What this calculator does
The Loan Affordability by Income Calculator estimates the largest loan you could realistically borrow based on what your budget can support each month. It combines your gross monthly income, a target debt-to-income (DTI) ratio, your current debt payments, and the loan's interest rate and term to produce a maximum affordable loan amount. It is a general-purpose tool and does not assume any specific country's lending rules.
How to use it
Enter your gross monthly income before taxes, the maximum DTI ratio you want to stay under (lenders often use 36%–43%), your existing monthly debt payments (cards, car, student loans), and the loan's annual interest rate and term in years. The calculator returns your monthly payment budget, the payment available for the new loan, and the loan principal that payment can support.
The formula explained
First it finds your total payment budget: \(\text{Income} \times \text{DTI}\). It subtracts existing debt payments to get the payment available for the new loan, \(P\).
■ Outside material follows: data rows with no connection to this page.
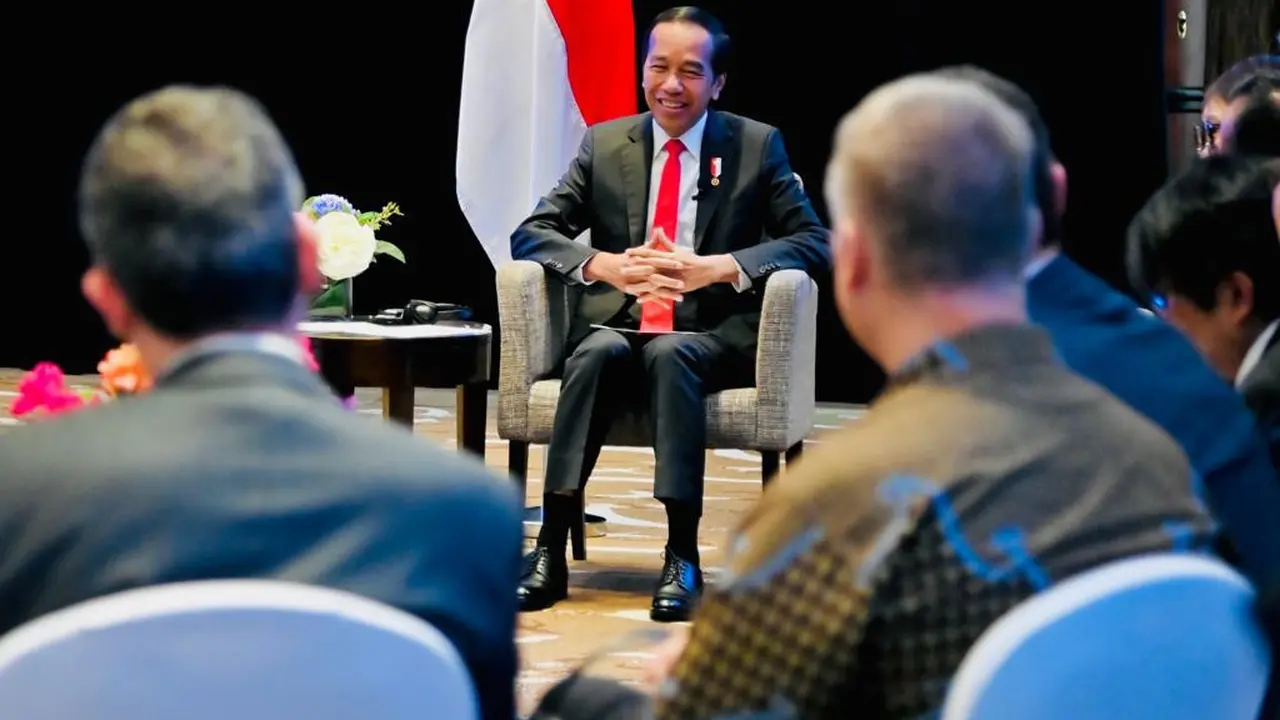 Presiden Joko Widodo melakukan pertemuan dengan para CEO perusahaan-perusahaan Australia di Ruang Pertemuan Cambridge, Hotel Shangri-La, Sydney, pada Selasa, 4 Juli 2023. (Twitter/@jokowi)
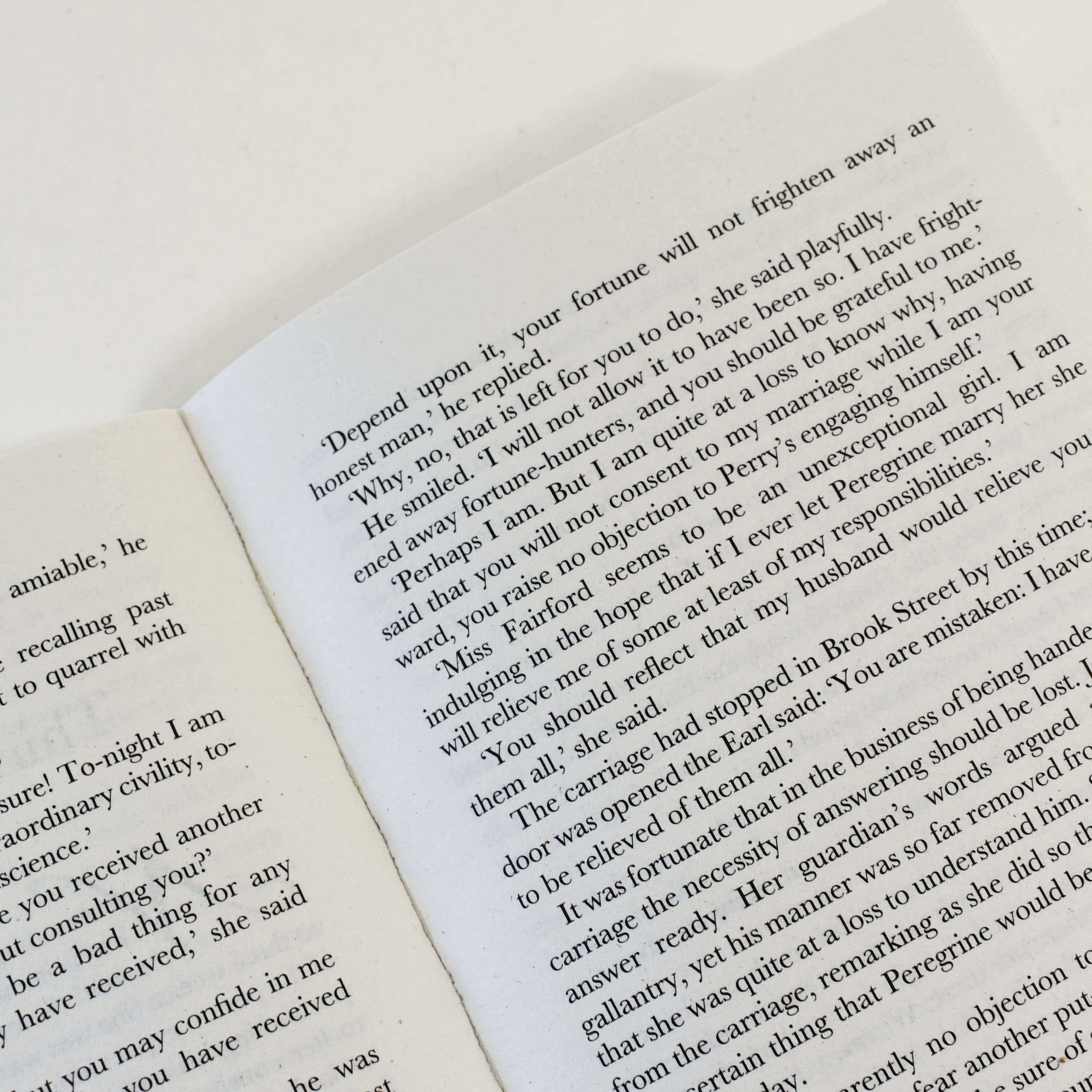 Georgette Heyer 10 Books Collection Set (Moth, Frederica, Regency, Arabella, Devil, Shades, Lady, Sophy, Cotillion, Venetia) - Fiction - Paperback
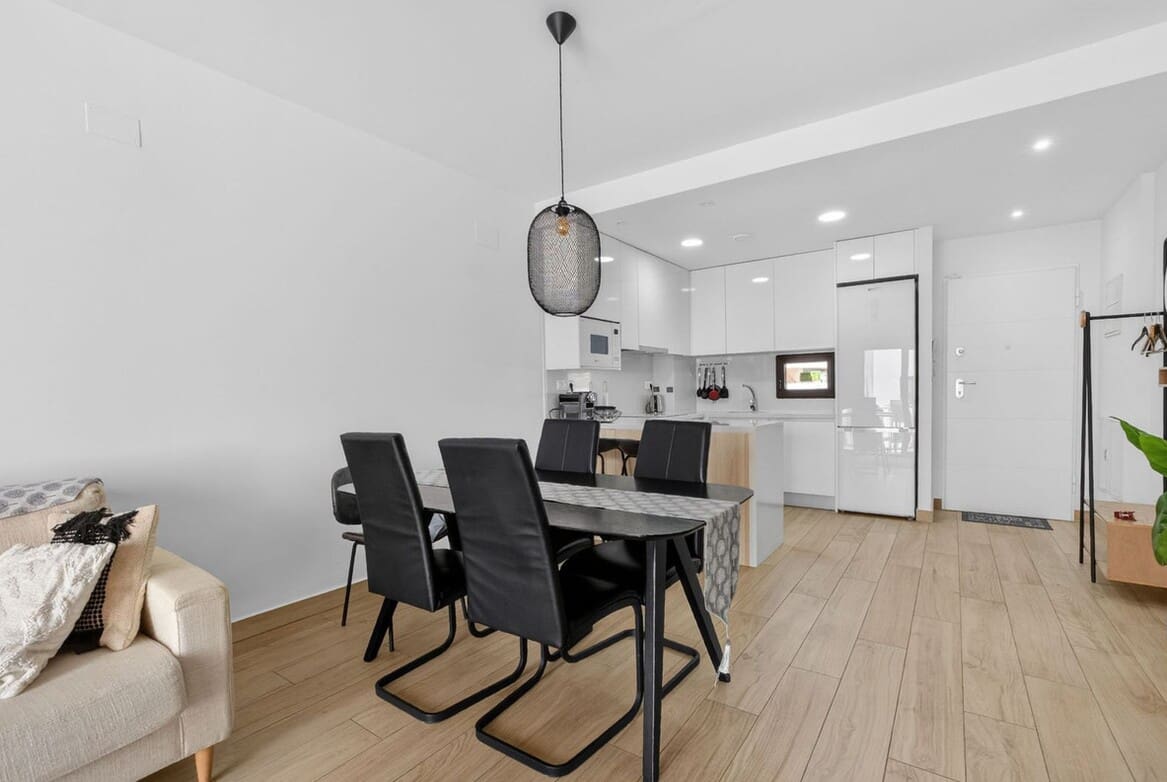 2 soverom Leilighet til salgs i Los Balcones med svømmebasseng garasje - € 289 000 (Ref: 10172532)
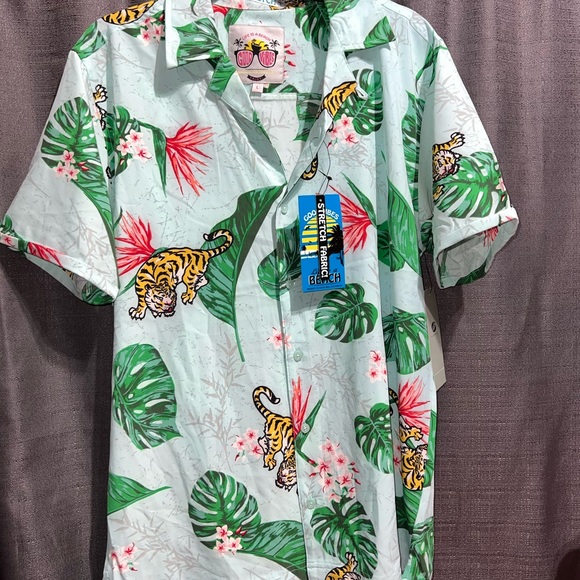 Good Vibes Hawaiian Shirt - Picture 1 of 4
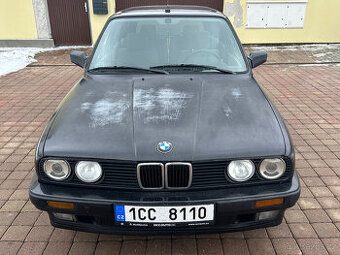 BMW 318i E30 plastak  diamantschwarz nova stk
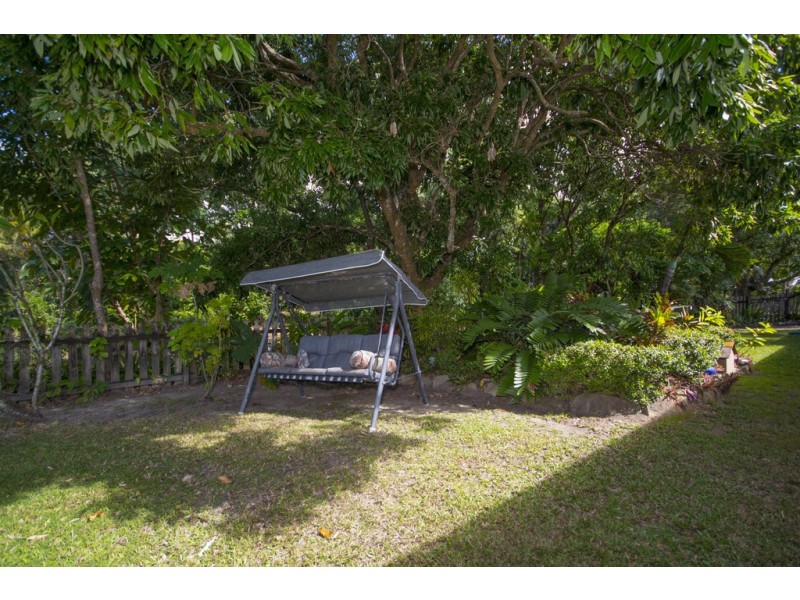 8 Toll Gate Road, Oak Beach QLD 4877
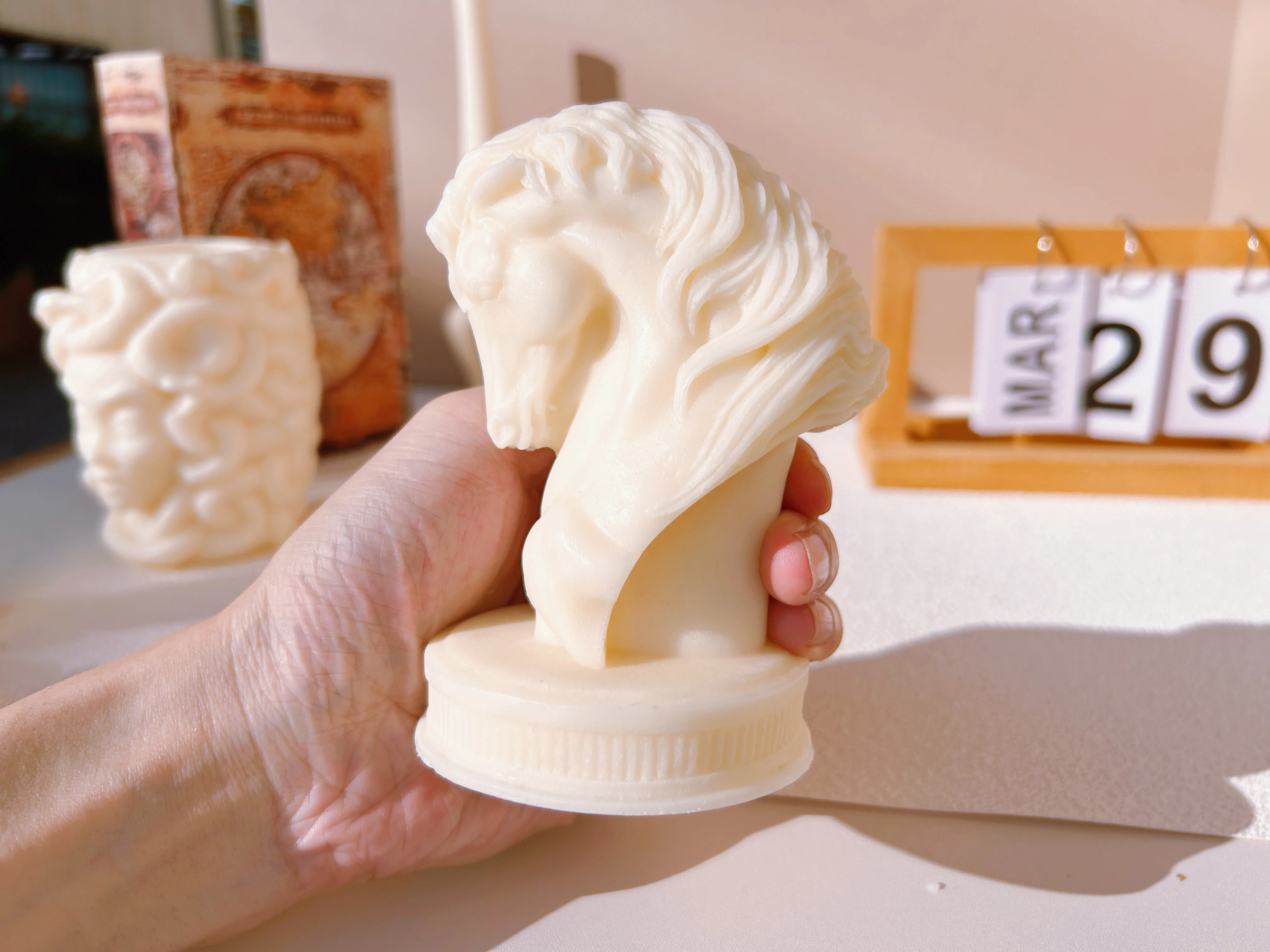 Oyrcvweuy - Stampo in silicone per candele a forma di testa di cavallo, in resina, per realizzare candele fai da te, cioccolato, sapone, decorazione per la casa, statua di testa di cavallo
Then it converts that payment into a loan amount using the present-value annuity formula, where \(r\) is the monthly interest rate (annual rate ÷ 12) and \(n\) is the number of monthly payments (years × 12): $$\text{Loan} = P \cdot \frac{1 - (1 + r)^{-n}}{r}$$
Worked example
Income $5,000/month, DTI 36%, existing debts $500, rate 6%, term 30 years. Budget \(= 5000 \times 0.36 = \$1{,}800\). Available payment \(P = 1800 - 500 = \$1{,}300\). Monthly rate \(r = 0.06/12 = 0.005\), \(n = 360\). $$\text{Loan} = 1300 \times \frac{1 - 1.005^{-360}}{0.005} \approx \$216{,}829$$
FAQ
What is a good DTI ratio? Many lenders prefer a total DTI at or below 36%, though some allow up to 43% or higher depending on the product and your credit profile.
Should I use gross or net income? DTI is conventionally based on gross (pre-tax) monthly income, which is what this calculator expects.
Does this include taxes, insurance or fees? No. It estimates principal and interest only. Add property taxes, insurance and closing costs separately for a complete picture.